Your answer should hold exactly the lines below from the line with "Medieval Wooden Nordic Spear Weapon 3D Model" through the line with "Six Dexter Russell", both included, and no pictures at all.

Records shown:
################

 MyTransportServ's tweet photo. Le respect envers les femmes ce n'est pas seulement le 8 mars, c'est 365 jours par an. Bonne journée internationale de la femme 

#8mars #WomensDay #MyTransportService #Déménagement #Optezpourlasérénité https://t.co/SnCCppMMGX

################

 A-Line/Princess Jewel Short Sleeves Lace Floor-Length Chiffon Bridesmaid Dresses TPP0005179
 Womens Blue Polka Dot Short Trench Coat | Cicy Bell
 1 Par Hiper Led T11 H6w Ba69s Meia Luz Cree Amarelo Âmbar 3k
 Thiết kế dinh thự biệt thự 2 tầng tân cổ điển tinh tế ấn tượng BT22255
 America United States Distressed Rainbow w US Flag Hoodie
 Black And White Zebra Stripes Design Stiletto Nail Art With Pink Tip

################

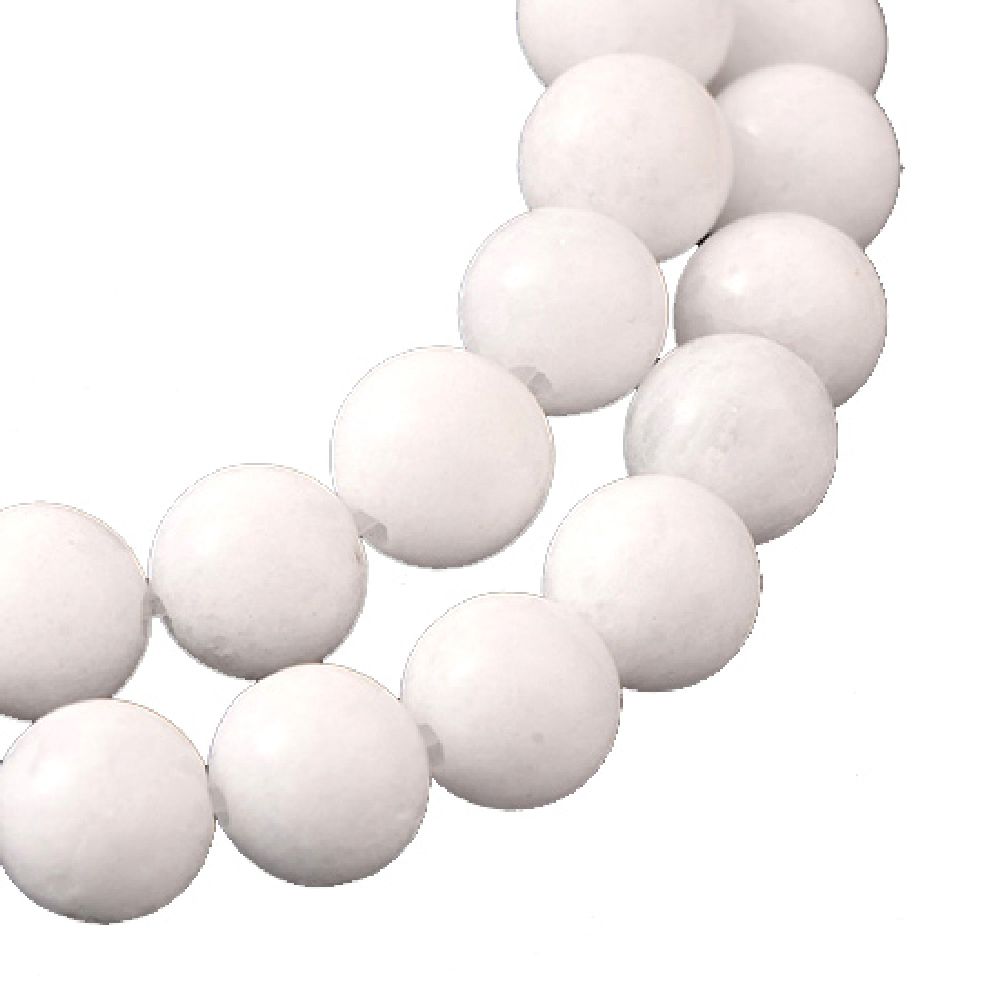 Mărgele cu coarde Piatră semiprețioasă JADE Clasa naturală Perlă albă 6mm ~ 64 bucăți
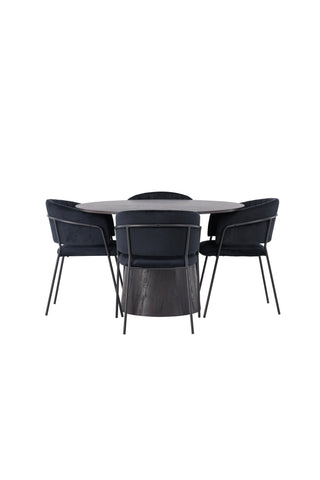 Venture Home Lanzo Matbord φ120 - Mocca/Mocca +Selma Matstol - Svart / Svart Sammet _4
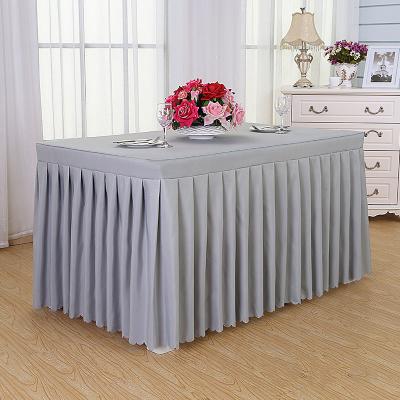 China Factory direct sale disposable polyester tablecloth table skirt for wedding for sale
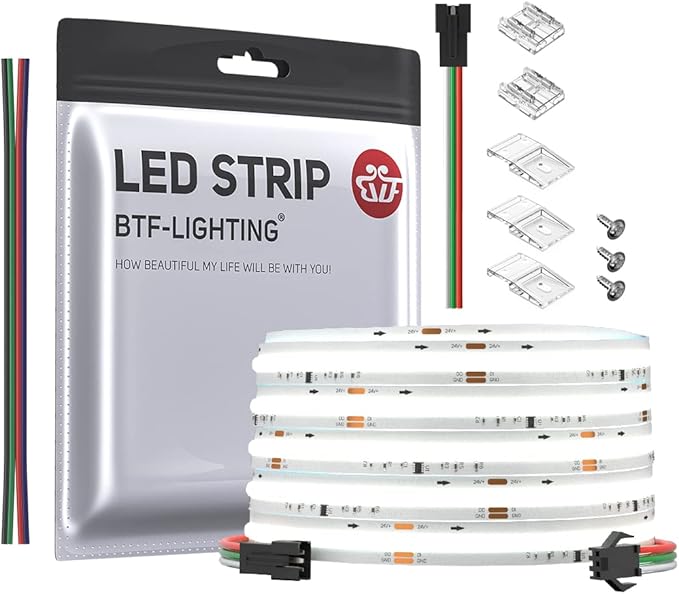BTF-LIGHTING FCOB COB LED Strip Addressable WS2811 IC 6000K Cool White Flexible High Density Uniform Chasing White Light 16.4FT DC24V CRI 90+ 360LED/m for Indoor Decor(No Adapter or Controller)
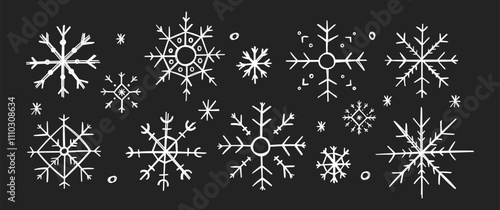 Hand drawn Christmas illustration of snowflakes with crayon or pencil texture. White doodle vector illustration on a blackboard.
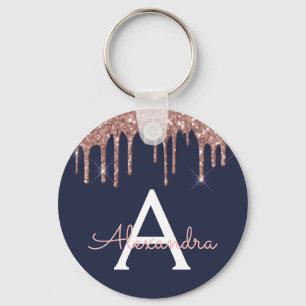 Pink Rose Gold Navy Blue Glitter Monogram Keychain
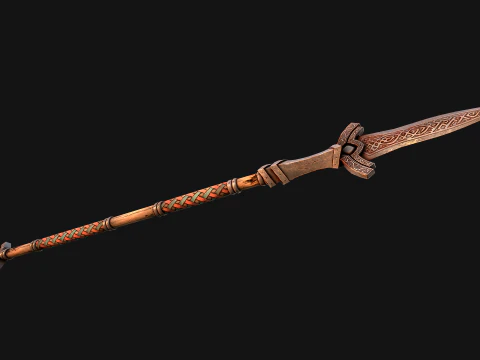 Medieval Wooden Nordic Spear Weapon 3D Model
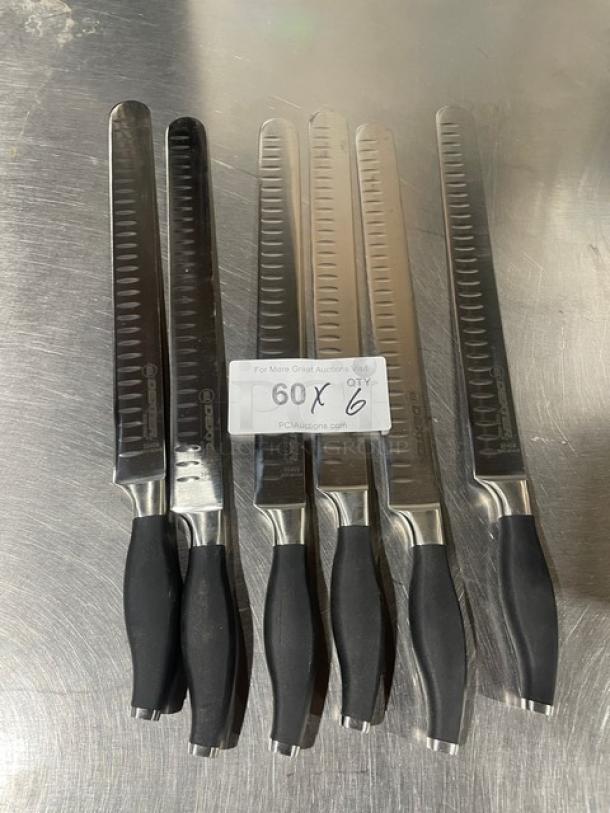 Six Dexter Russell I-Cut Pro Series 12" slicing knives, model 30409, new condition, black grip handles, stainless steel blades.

################

Answer:
 Medieval Wooden Nordic Spear Weapon 3D Model
 Six Dexter Russell I-Cut Pro Series 12" slicing knives, model 30409, new condition, black grip handles, stainless steel blades.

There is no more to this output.